*Try it:* With the pictures omitted, transcribe each line below exactly as it is.

#### Raw data ####

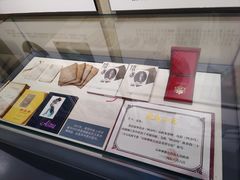 -中共五大会址纪念馆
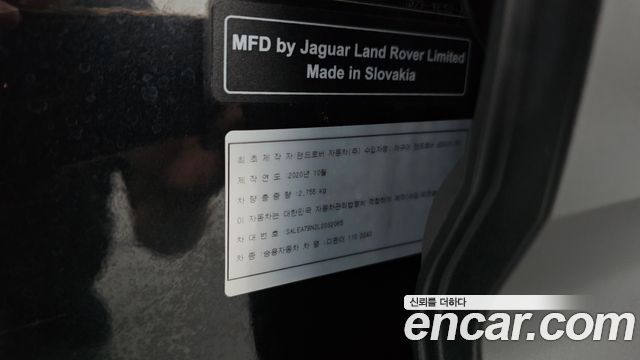 Land Rover Defender (L663) 110 D240 SE 2020 — фото 38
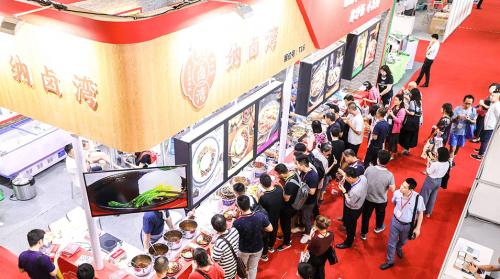 2021第十一屆北京國際冷凍食品及水產(chǎn)海鮮展覽會往屆圖集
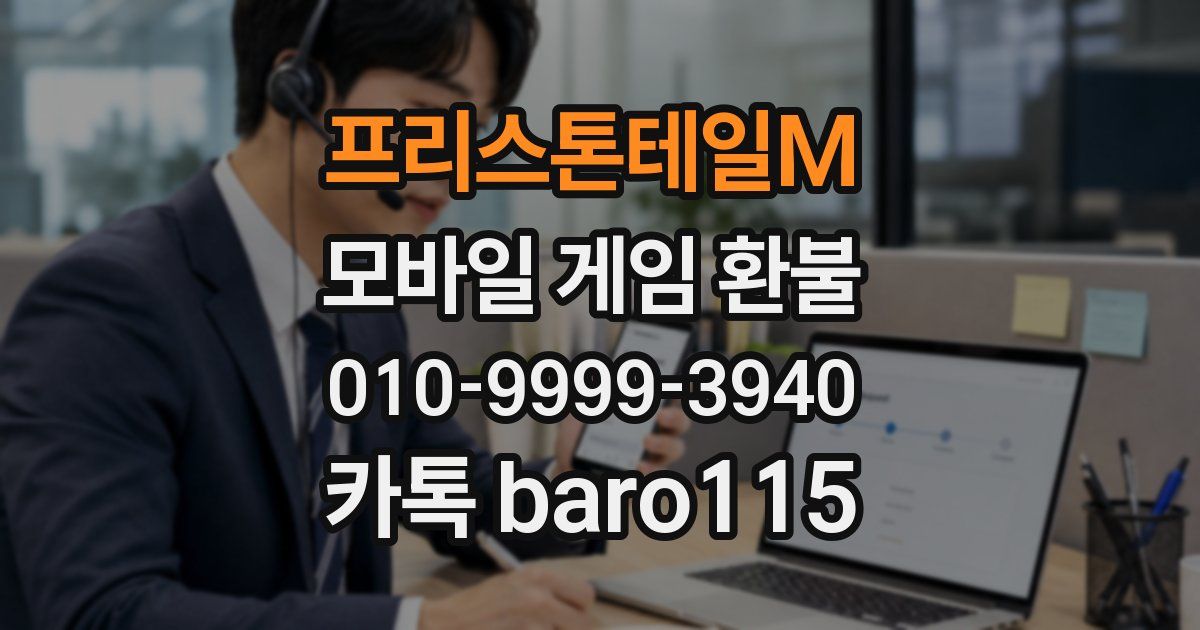 프리스톤테일M 환불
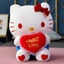 20cm Sanrio Hello Kitty Kawaii Plush Toys Dolls Soft Stuffed Carousel 2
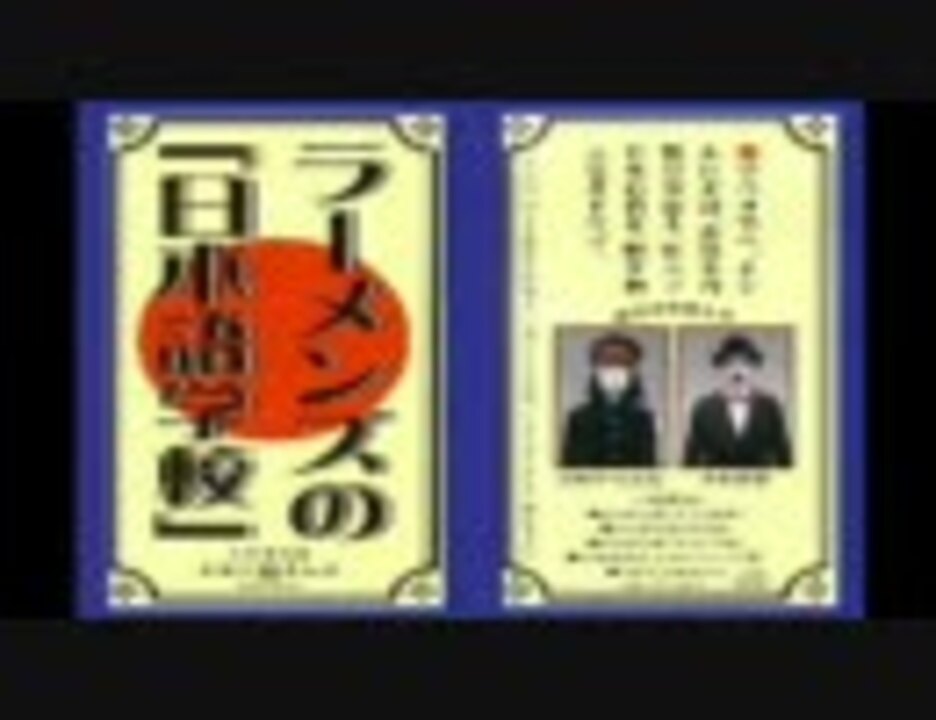 ラーメンズ ラジオ日本語講座 - ニコニコ動画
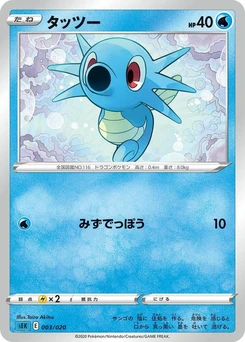 Pokémon-Karte Horsea 003/000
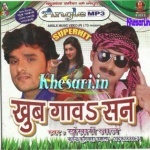 Khub Gawasan (Khesari Lal Yadav) Mp3 Song Download Khesari Lal Yadav New Bhojpuri Mp3 Dj Remix Gana Video Song Download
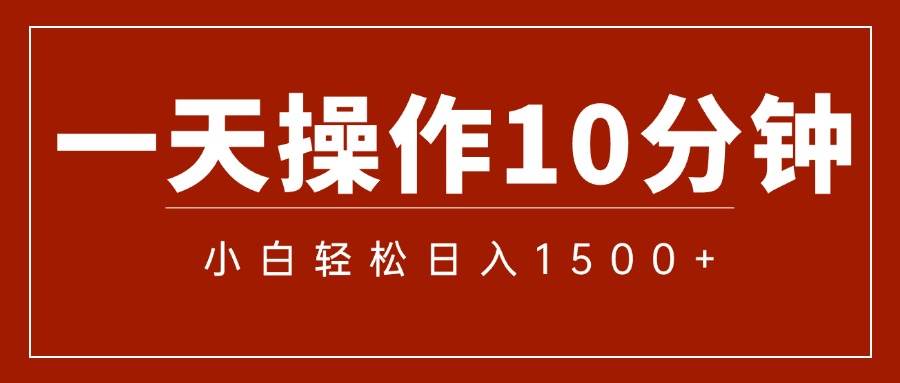 一分钟一条  狂撸今日头条 单作品日收益300+  批量日入2000+-吾藏分享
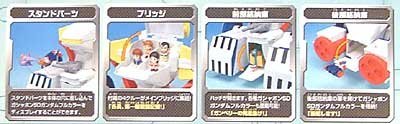 SDガンダムフルカラー 「SDホワイトベース」 51GwvPMPnVL._AC_SY200_QL15_.jpg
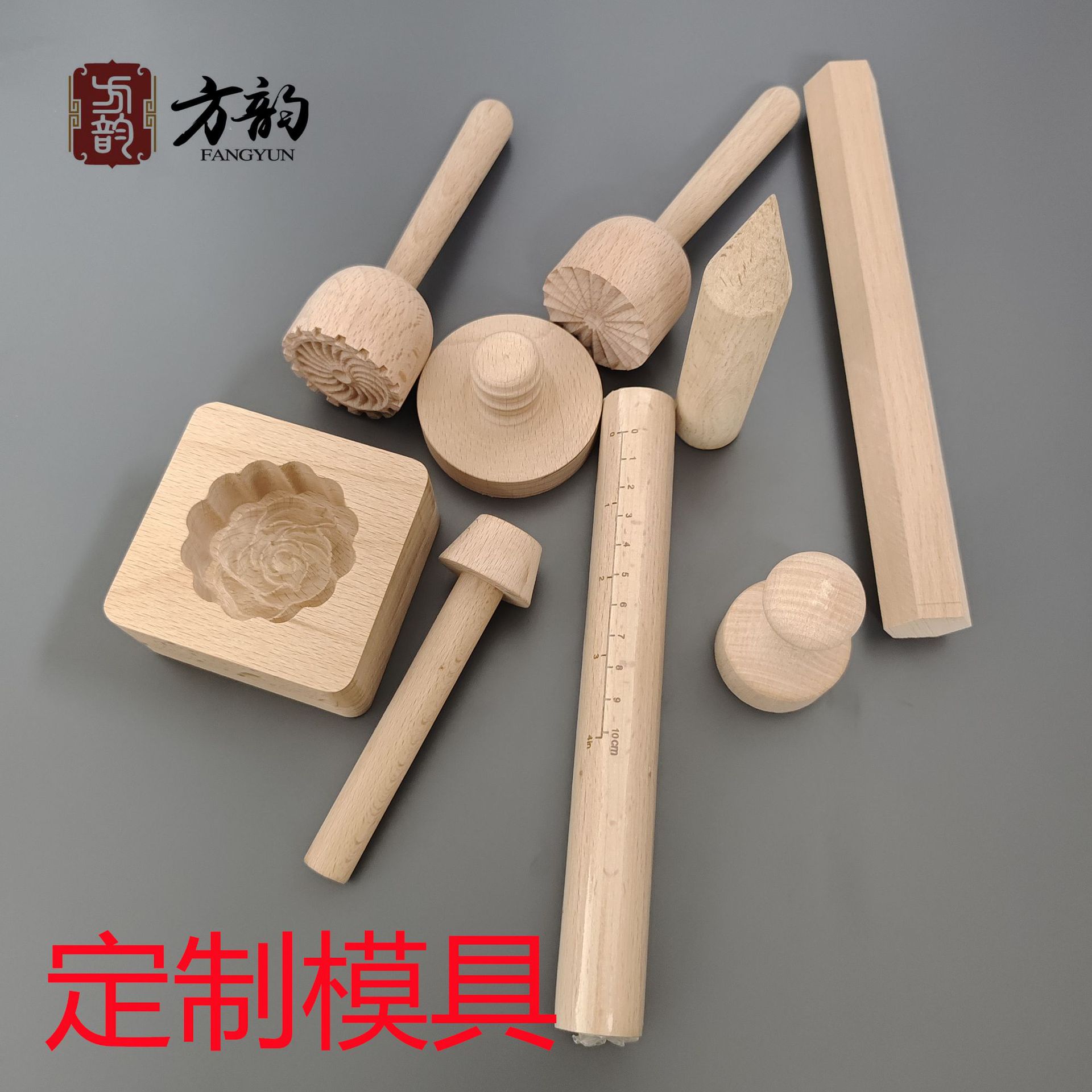 加工定做榉木工艺品 模具 各种摆件挂件 配套半成品 实木雕刻加工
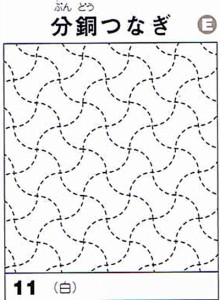 刺し子 オリムパス リハビリ（作業療法）花ふきん布パック　分銅つなぎ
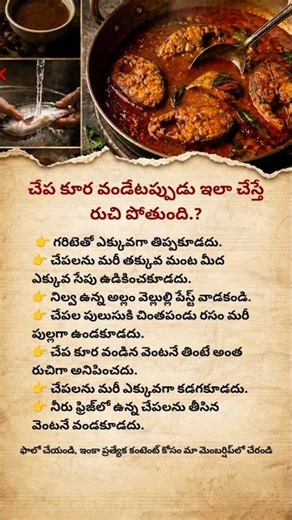 Fish Curry Cooking Mistakes to Avoid | Best Fish Curry Tips for Perfect Taste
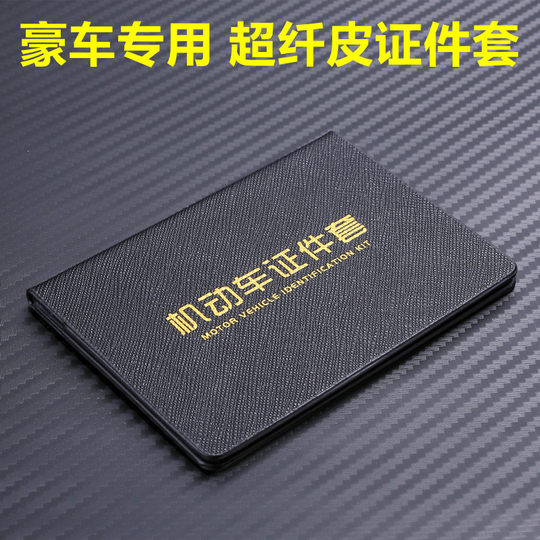 Funda de cuero para licencia de conducir Funda protectora para licencia de conducir Funda de identificación para hombre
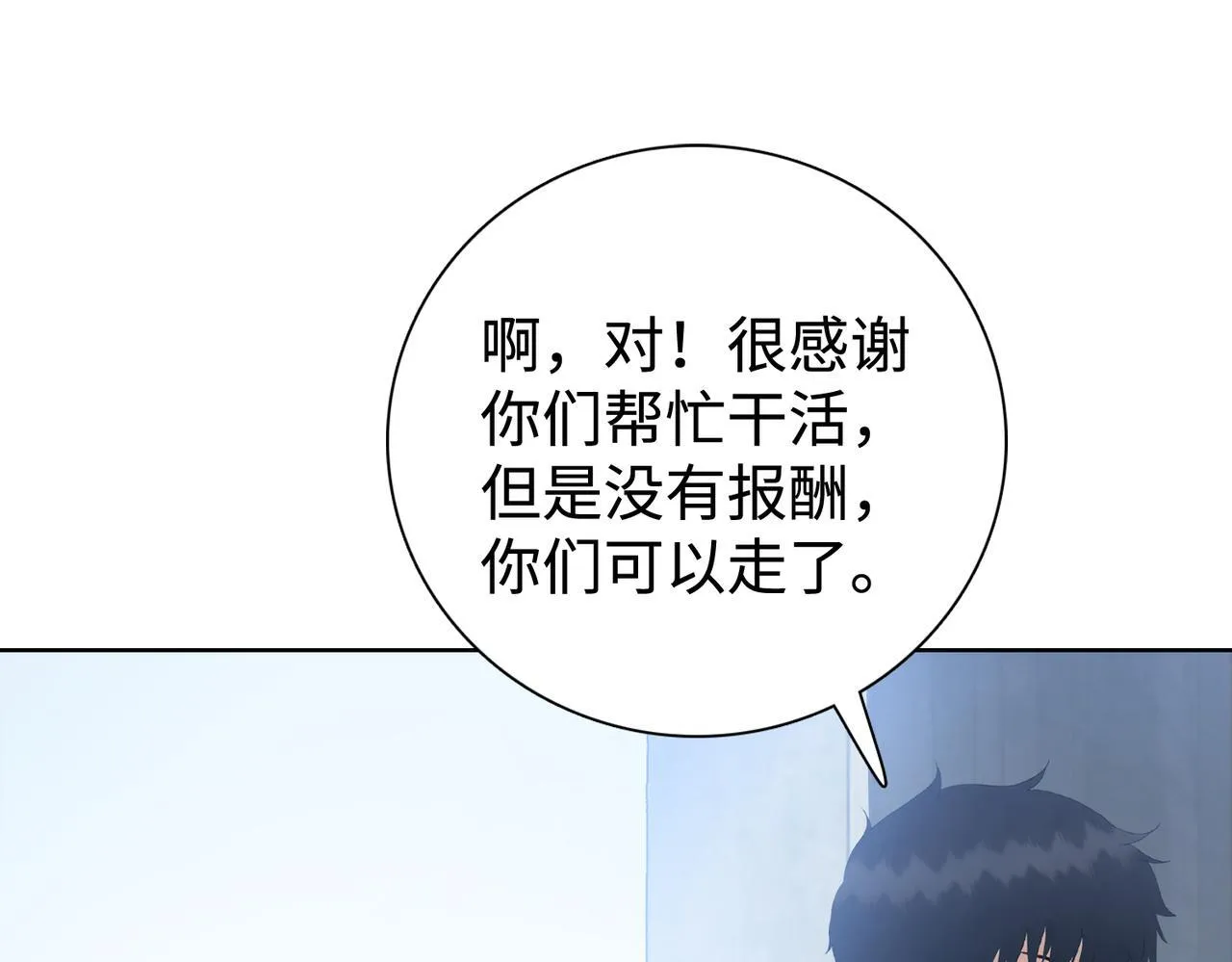 第5话 想当富太太？你还不够格！58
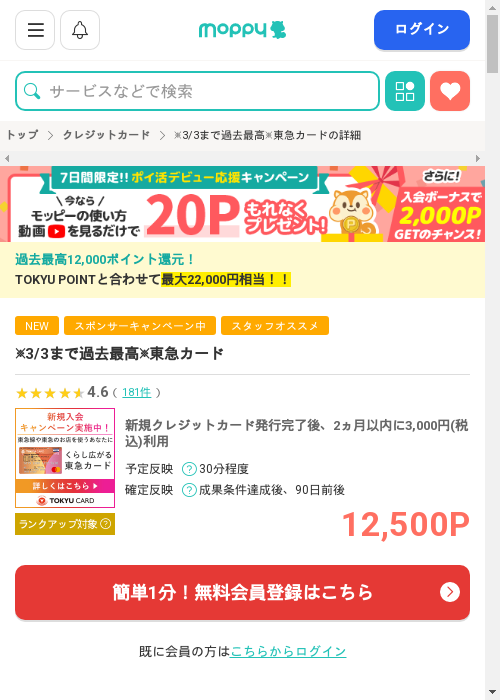 モッピー過去最高画像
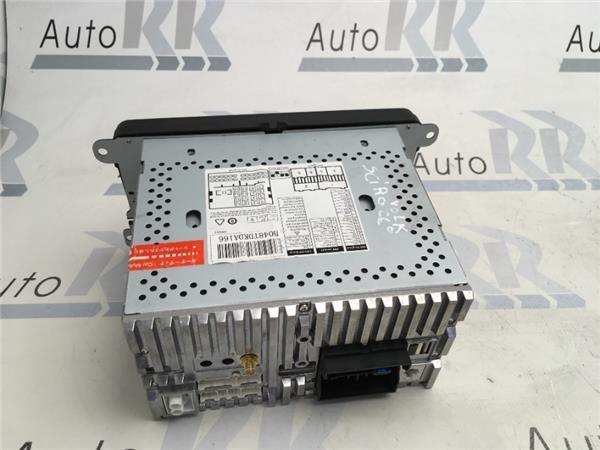 Pantalla GPS Android VW - 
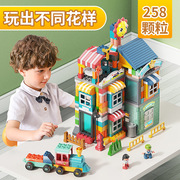 积木儿童塑料拼装玩具拼搭过家家别墅房子系列0-3岁拼装儿童礼物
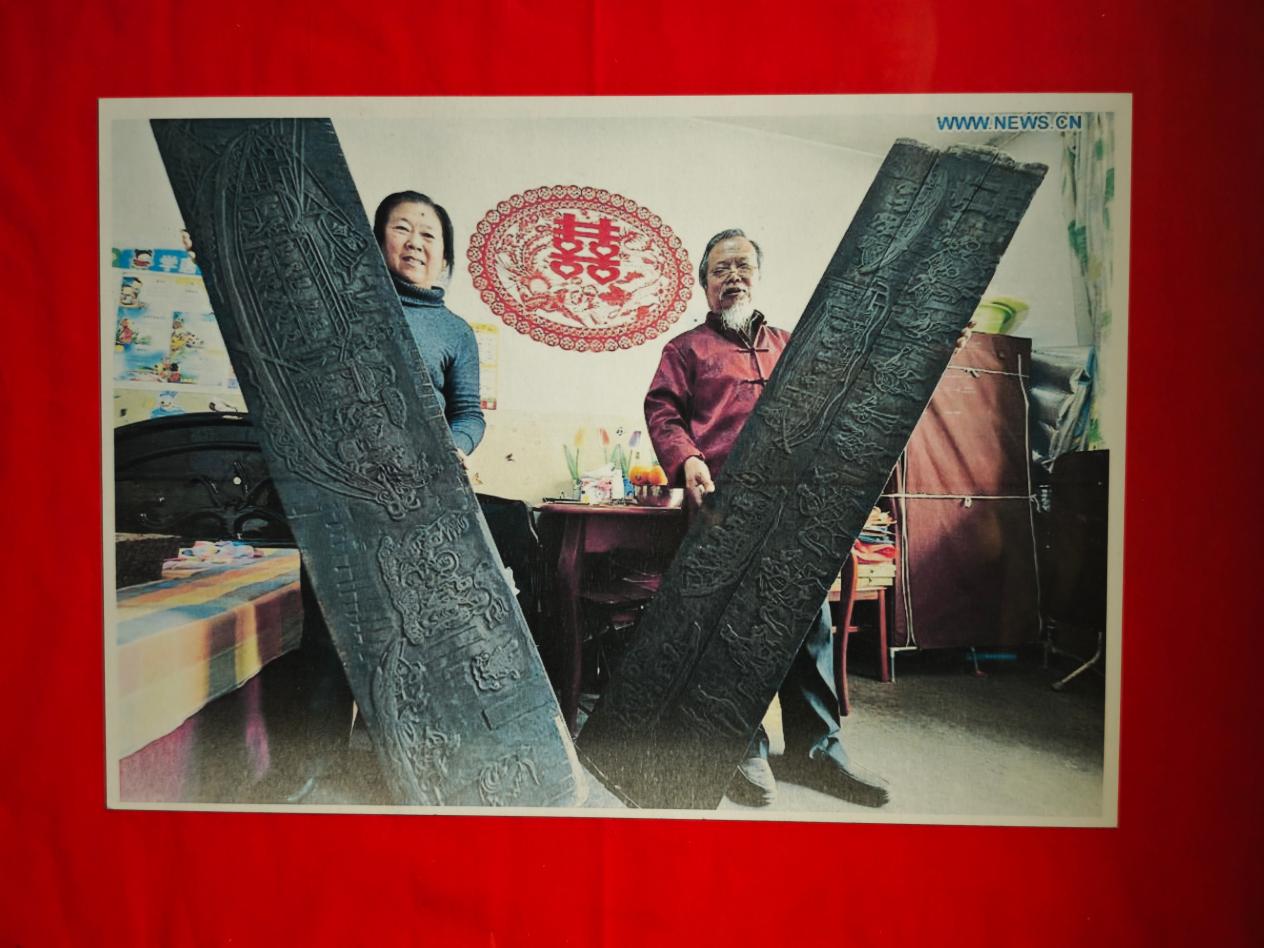 关公的民间面孔:年画与剪纸里的忠义、烟火与手艺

####

*Expected output:*
 -中共五大会址纪念馆
 Land Rover Defender (L663) 110 D240 SE 2020 — фото 38
 2021第十一屆北京國際冷凍食品及水產(chǎn)海鮮展覽會往屆圖集
 프리스톤테일M 환불
 20cm Sanrio Hello Kitty Kawaii Plush Toys Dolls Soft Stuffed Carousel 2
 ラーメンズ ラジオ日本語講座 - ニコニコ動画
 Pokémon-Karte Horsea 003/000
 Khub Gawasan (Khesari Lal Yadav) Mp3 Song Download Khesari Lal Yadav New Bhojpuri Mp3 Dj Remix Gana Video Song Download
 一分钟一条  狂撸今日头条 单作品日收益300+  批量日入2000+-吾藏分享
 SDガンダムフルカラー 「SDホワイトベース」 51GwvPMPnVL._AC_SY200_QL15_.jpg
 加工定做榉木工艺品 模具 各种摆件挂件 配套半成品 实木雕刻加工
 刺し子 オリムパス リハビリ（作業療法）花ふきん布パック　分銅つなぎ
 Fish Curry Cooking Mistakes to Avoid | Best Fish Curry Tips for Perfect Taste
 Funda de cuero para licencia de conducir Funda protectora para licencia de conducir Funda de identificación para hombre
 第5话 想当富太太？你还不够格！58
 モッピー過去最高画像
 Pantalla GPS Android VW - 
 积木儿童塑料拼装玩具拼搭过家家别墅房子系列0-3岁拼装儿童礼物
 关公的民间面孔:年画与剪纸里的忠义、烟火与手艺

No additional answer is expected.